* _ABOUT THIS EXERCISE_:
Could you repeat the listing exactly, leaving out the pictures?

__________________________________________________

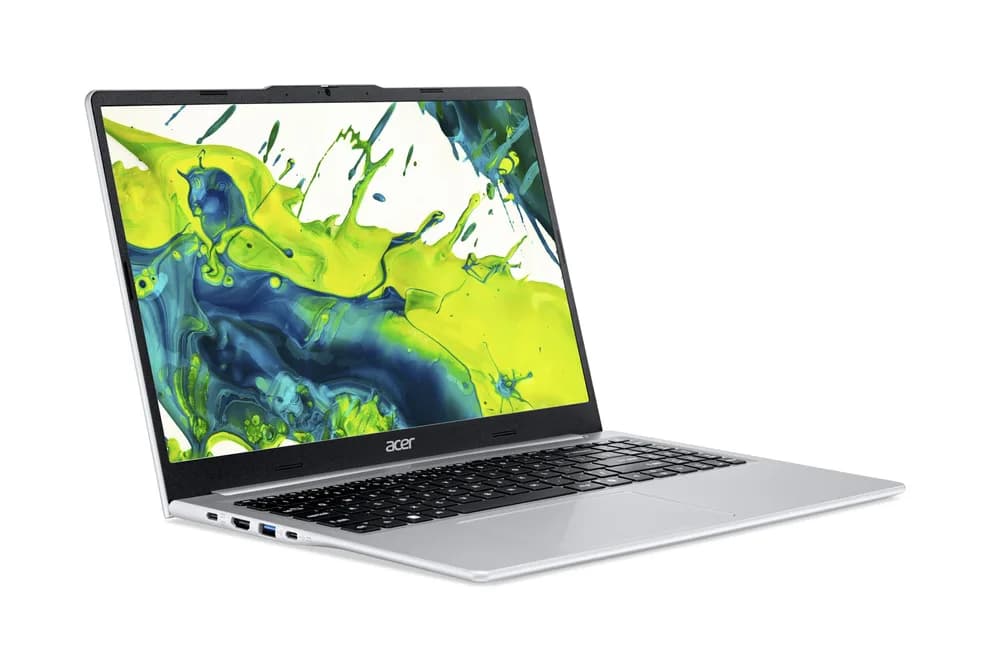 NB AL15-46P R3-5400U 15"/8/512GB LIN NX.JXVEX.001 ACER "NX.JXVEX.001" — miniatură
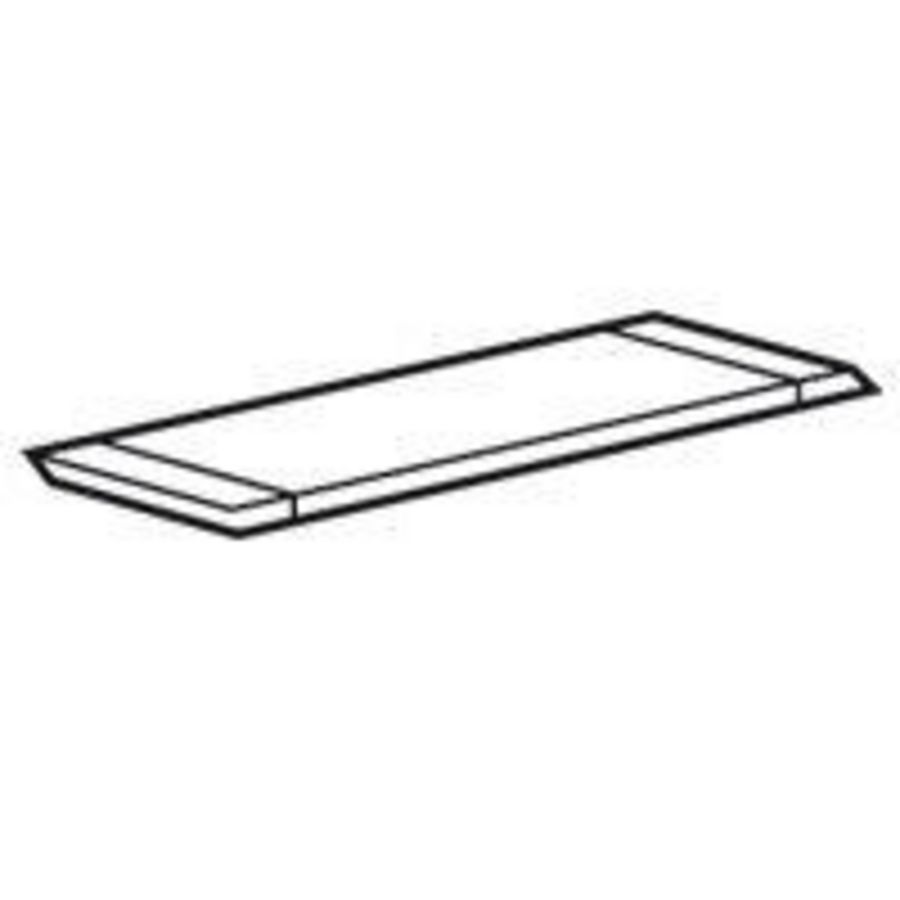 Reserve kabelinvoerplaat XL3 800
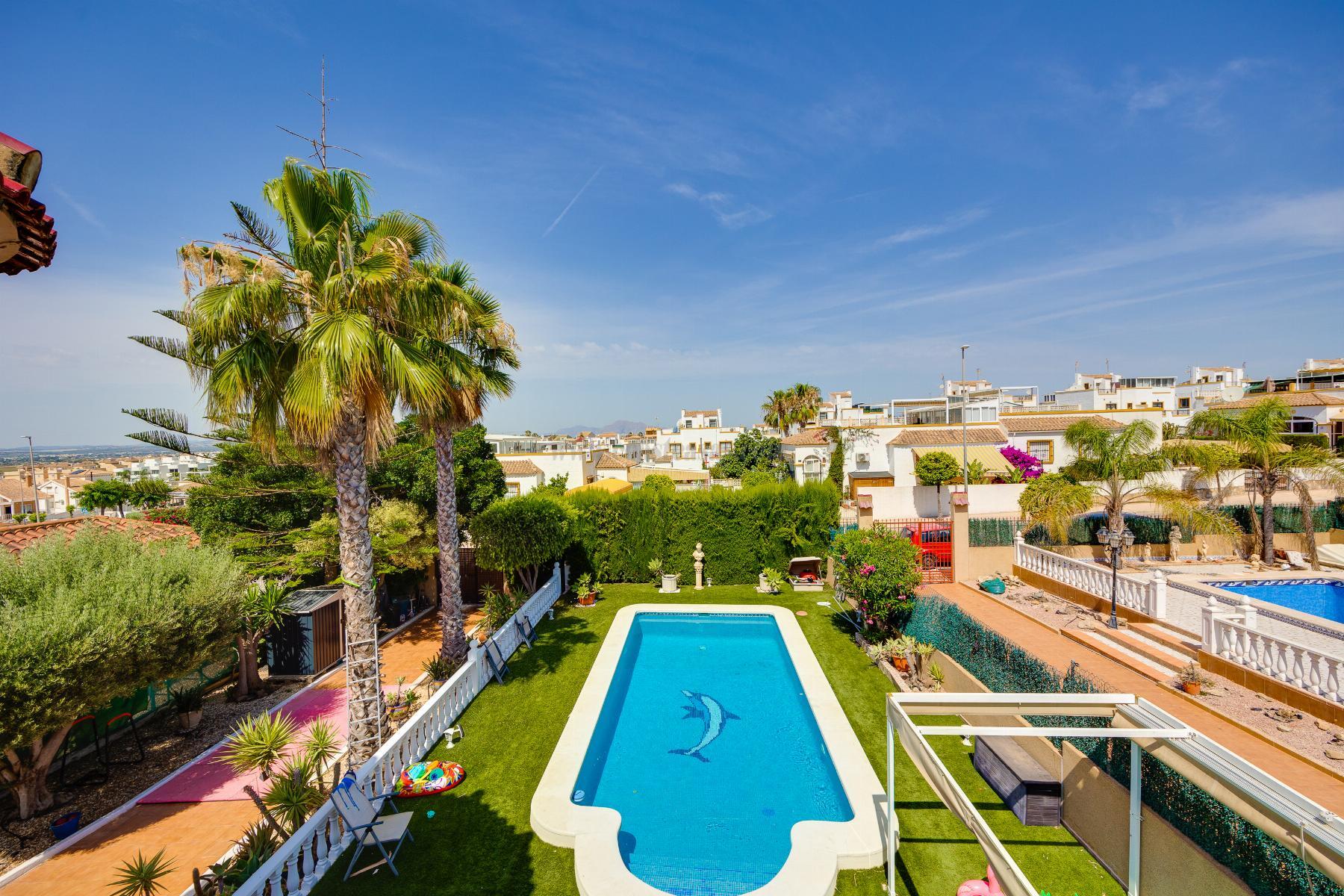 Venta de chalet en San Fulgencio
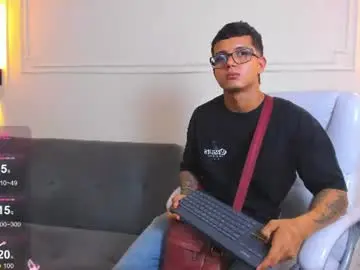 Chaturbate Private Sex Chat of paradise_boy_s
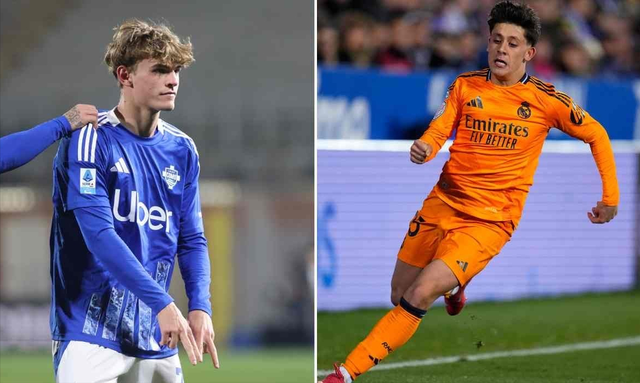 瞩目的盛事 瞩目的盛事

__________________________________________________

* _RESPONSE TO THIS TASK_:
 NB AL15-46P R3-5400U 15"/8/512GB LIN NX.JXVEX.001 ACER "NX.JXVEX.001" — miniatură
 Reserve kabelinvoerplaat XL3 800
 Venta de chalet en San Fulgencio
 Chaturbate Private Sex Chat of paradise_boy_s
 瞩目的盛事 瞩目的盛事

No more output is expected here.